Overview
An important requirement in using generative models for compound design is that the structures produced by the model should fit the desired compound profile. The best way to meet this requirement is to curate training datasets of compounds that match the compound profile.
You could approach this problem by penalizing the generative model for creating compounds that don't match the profile, but this process tends to be slow. Trying to "learn" a compound profile can also be very unstable. If the generative model is trained on a very general dataset compared to a very refined compound profile, you could be in a situation where 99+% of generated compounds fail to match the profile. This will cause learning to be very slow, and will likely cause the model to suffer mode collapse.
This tutorial shows how to use MRL functions to build and curate chemical datasets
import sys
sys.path.append('..')
from mrl.imports import *
from mrl.core import *
from mrl.chem import *
from mrl.templates.all import *
from rdkit import Chem
Template Design
The first step in building a targeted dataset is to design a template that matches the target compound profile.
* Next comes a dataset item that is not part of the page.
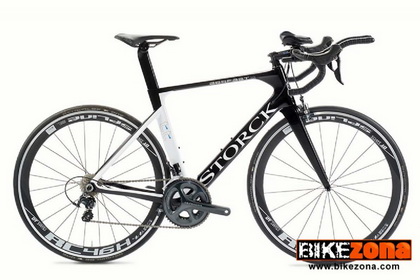 STORCK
For this tutorial, we set the following constraints:
- Compounds must be chemically valid
- Compounds must be single molecules
- Compounds must have 8 or fewer rotatable bonds
- Compounds must have 8 or fewer heteroatoms
- Compounds must have 0 net charge
- Compounds must have no rings larger than 6 atoms or smaller than 5 atoms
- Compounds must have 5 or fewer hydrogen bond donors
- Compounds must have 10 or fewer hydrogen bond acceptors
- Compounds must be less than 500 g/mol
- Compounds must have a calculated LogP of 5 or lower
- Compounds must have a synthetic accessibility score of 7 or lower
- Compounds must have no bridge head carbons
- Compounds must pass PAINS A filters
- Compounds must not contain any of the listed exclusion smarts
- Compounds must not have a flexible chain section of longer than 7 atoms
smarts = ['[#6](=[#16])(-[#7])-[#7]',
'[H]-[#6](-[H])=[#6]-[*]',
'[#6]=[#6]=[#6]',
'[#7][F,Cl,Br,I]',
'[#6;!R]=[#6;!R]-[#6;!R]=[#6;!R]']
template = Template([ValidityFilter(),
SingleCompoundFilter(),
RotBondFilter(None, 8),
HeteroatomFilter(None, 8),
ChargeFilter(None, 0),
MaxRingFilter(None, 6),
MinRingFilter(5, None),
HBDFilter(None, 5),
HBAFilter(None, 10),
MolWtFilter(None, 500),
LogPFilter(None, 5),
SAFilter(None, 7),
BridgeheadFilter(None,0),
PAINSAFilter(),
ExclusionFilter(smarts, criteria='any'),
RotChainFilter(None, 7)
],
[],
fail_score=-1., log=True, use_lookup=True)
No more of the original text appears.